American peace activist

Peter Perry (born October 31, 1969, in Washington, D.C.) is a peace and social justice activist who has been affiliated with the National Campaign for Nonviolent Resistance and the Washington Peace Center.

Perry helped organize one of the protests on the second inauguration of President George W. Bush on January 20, 2005, in Washington DC.

On February 9, 2005, Perry and activists David Barrows and Midge Potts protested US torture and the nomination and confirmation hearings of Alberto Gonzalez for United States Attorney General. The demonstration occurred on the steps of The United States Supreme Court. The three were subsequently convicted in DC Superior Court June 30, 2005, for violating Title 40 sec. 6135 of US Code. However, they appealed to DC Superior Court and on January 23, 2007, in that appeal, the Czech Ambassador to The United Nations, Martin Palous, appeared on their behalf.

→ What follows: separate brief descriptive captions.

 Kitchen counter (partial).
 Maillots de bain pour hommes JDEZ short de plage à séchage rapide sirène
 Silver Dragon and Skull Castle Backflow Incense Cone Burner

Perry continued protesting the Iraq War, and as a resident of Maryland, at that time, he joined other peace activists in early 2007 "occupying" the Capitol Hill office of Senator Barbara Mikulski.

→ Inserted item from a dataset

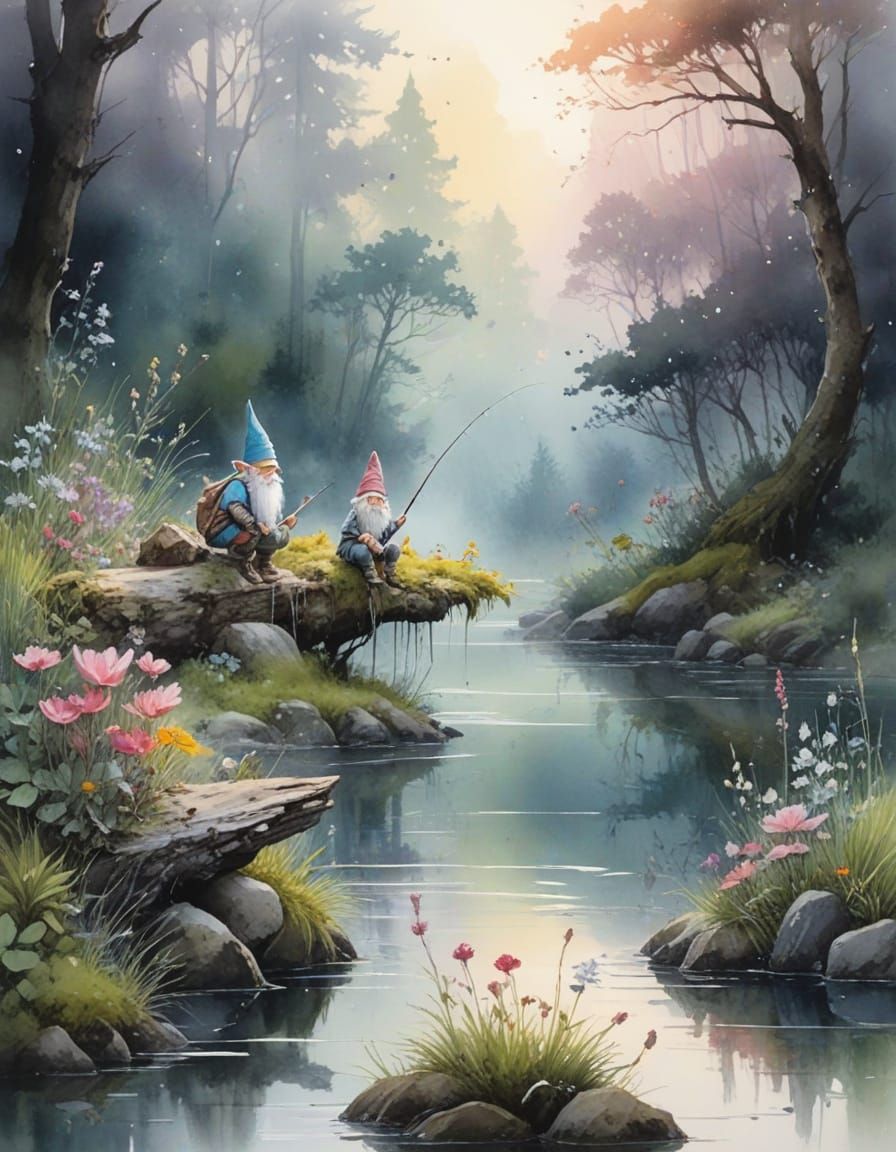 Gnome Fishing at Dawn: Watercolor Fairytale Scene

By 2008 Perry had expanded his activism with the Washington Peace Center to include addressing the apparent rise in anti-gay violence in Washington, D.C. Due to several violent anti-gay attacks Perry organized with other communities in Washington, D.C.

Perry was a lead organizer of one of the first anti-war protests at the White House during President Barack Obama's administration in October 2009. This action resulted in more than 60 peaceful protesters arrested on the White House sidewalk.

On May 21, 2009, Perry, Steve Mihalis, Eve Tetaz, and Ellen Barfield protested the funding of the spreading war and the occupation of Afghanistan. They interrupted Admiral Michael Mullen, Chair of the Joint Chiefs of Staff as he spoke to US Senate Foreign Relations Committee chair, US Senator John Kerry. The committee was discussing President Barack Obama's counter-terrorism strategy in Afghanistan and Pakistan. Perry stood up and quoted Senator Kerry's own words from Kerry's antiwar protests in which he said "“How do you ask someone to be the last American soldier to die for a mistake?”

As a result of the Senate Foreign Relations Committee protest, Perry and Barfield were sentenced by Judge Lynn Liebovitz in December 2009 after being convicted by a jury. Barfield was sentenced to 25 days in jail, and Perry received a four-day sentence. They were also given lengthy stay-away orders from Capitol Hill. Tetaz was also sentenced to 25 days in jail on January 25, 2010.

Perry has recently taken a much less visible role in activism, although he donates to various small progressive organizations.

== Other activities ==
Perry was the coordinator of the Washington Peace Center in 2007.

In 2011 Perry was an organizer with the Bradley Manning Support Network.